Segment Start: Records for this task

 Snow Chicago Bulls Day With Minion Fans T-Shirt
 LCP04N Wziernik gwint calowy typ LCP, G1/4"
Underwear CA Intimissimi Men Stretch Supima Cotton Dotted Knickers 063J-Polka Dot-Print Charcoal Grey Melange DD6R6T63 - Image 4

Segment End: Records for this task
Segment Start: Records for this task

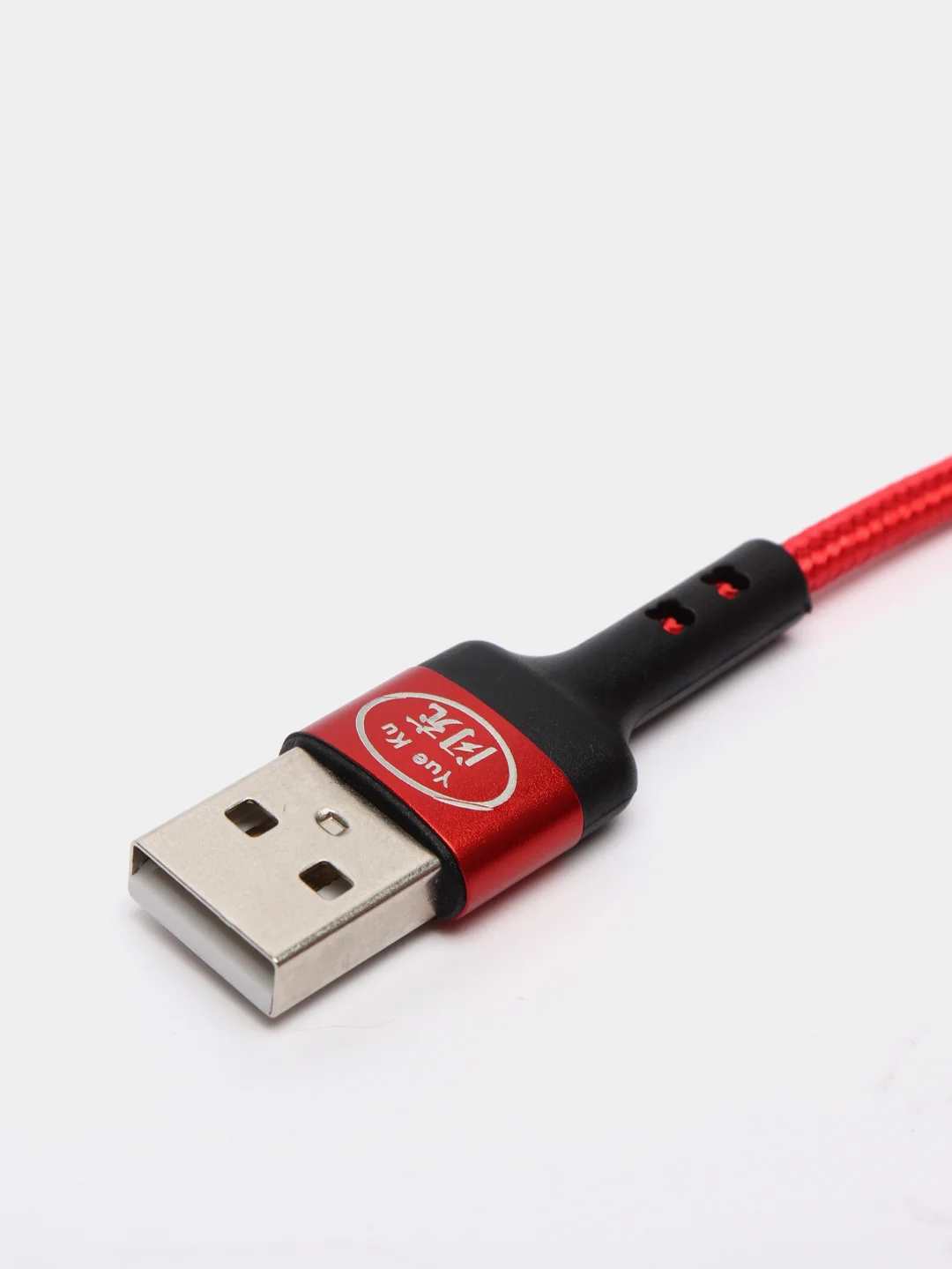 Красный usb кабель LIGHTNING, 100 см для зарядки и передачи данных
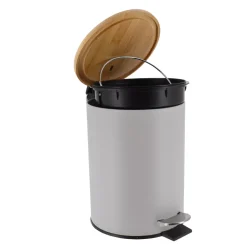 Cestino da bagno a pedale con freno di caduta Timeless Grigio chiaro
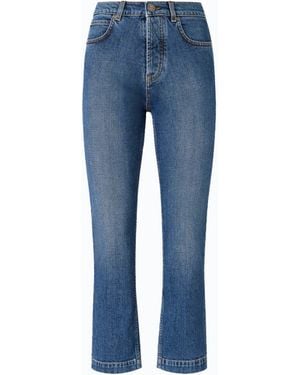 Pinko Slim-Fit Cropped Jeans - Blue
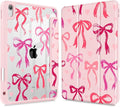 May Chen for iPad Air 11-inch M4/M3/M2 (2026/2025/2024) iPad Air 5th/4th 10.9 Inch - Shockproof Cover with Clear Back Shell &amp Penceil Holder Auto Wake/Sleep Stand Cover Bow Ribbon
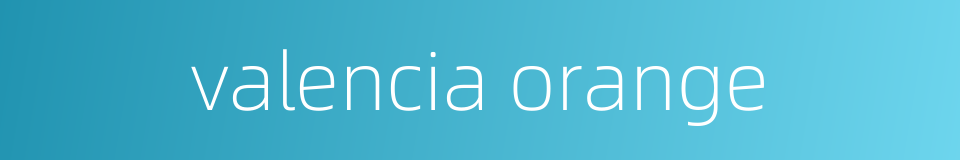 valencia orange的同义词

Segment End: Records for this task
Segment Start: Records for this task

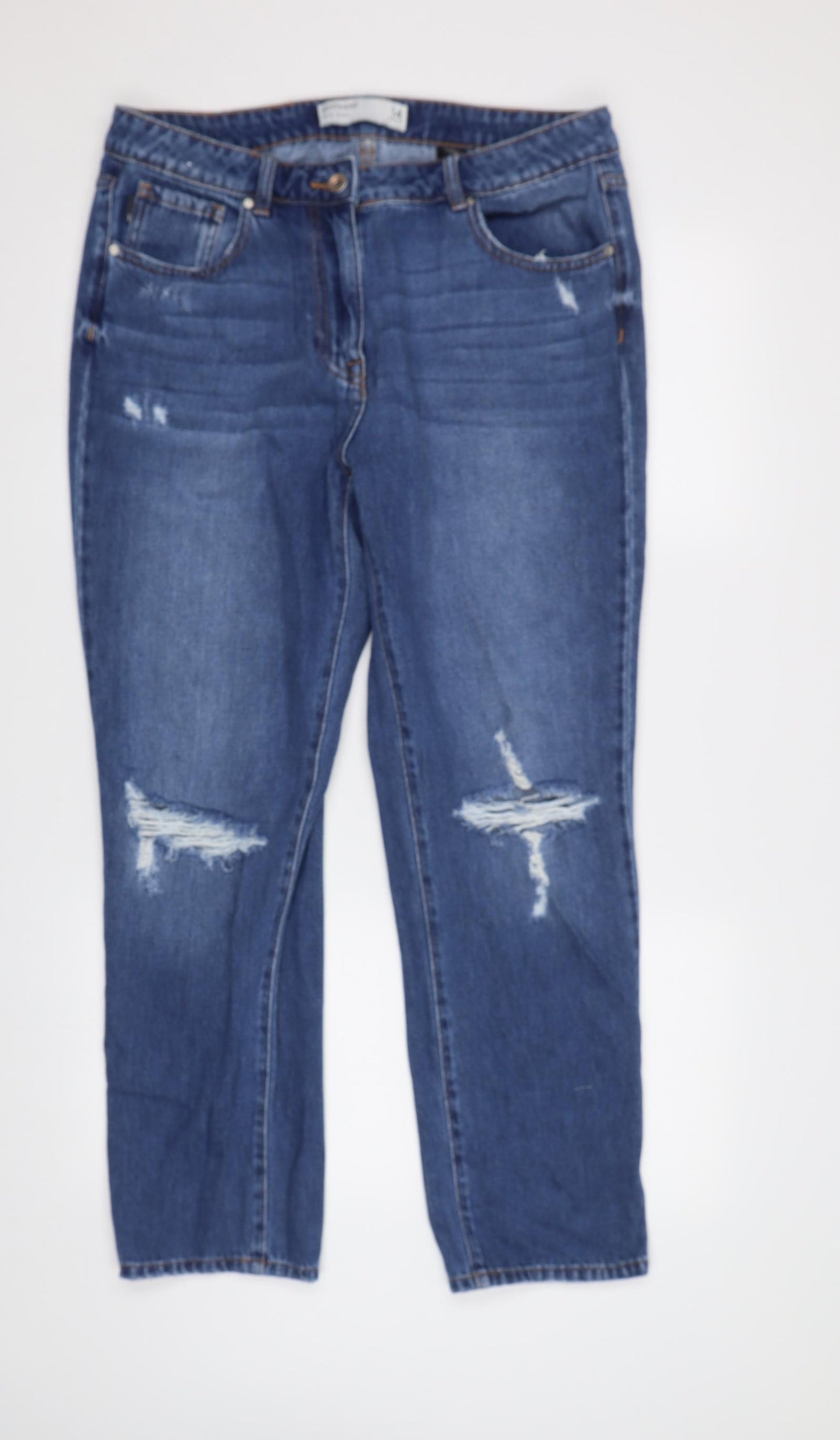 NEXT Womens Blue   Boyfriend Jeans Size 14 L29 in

Segment End: Records for this task

What you need to do - From the records above, give again only the part that opens with the line containing "Красный usb кабель" and closes with the line containing "valencia orange的同义词". Keep both ends but drop the pictures.

Task response -
 Красный usb кабель LIGHTNING, 100 см для зарядки и передачи данных
 Cestino da bagno a pedale con freno di caduta Timeless Grigio chiaro
 Pinko Slim-Fit Cropped Jeans - Blue
 May Chen for iPad Air 11-inch M4/M3/M2 (2026/2025/2024) iPad Air 5th/4th 10.9 Inch - Shockproof Cover with Clear Back Shell &amp Penceil Holder Auto Wake/Sleep Stand Cover Bow Ribbon
 valencia orange的同义词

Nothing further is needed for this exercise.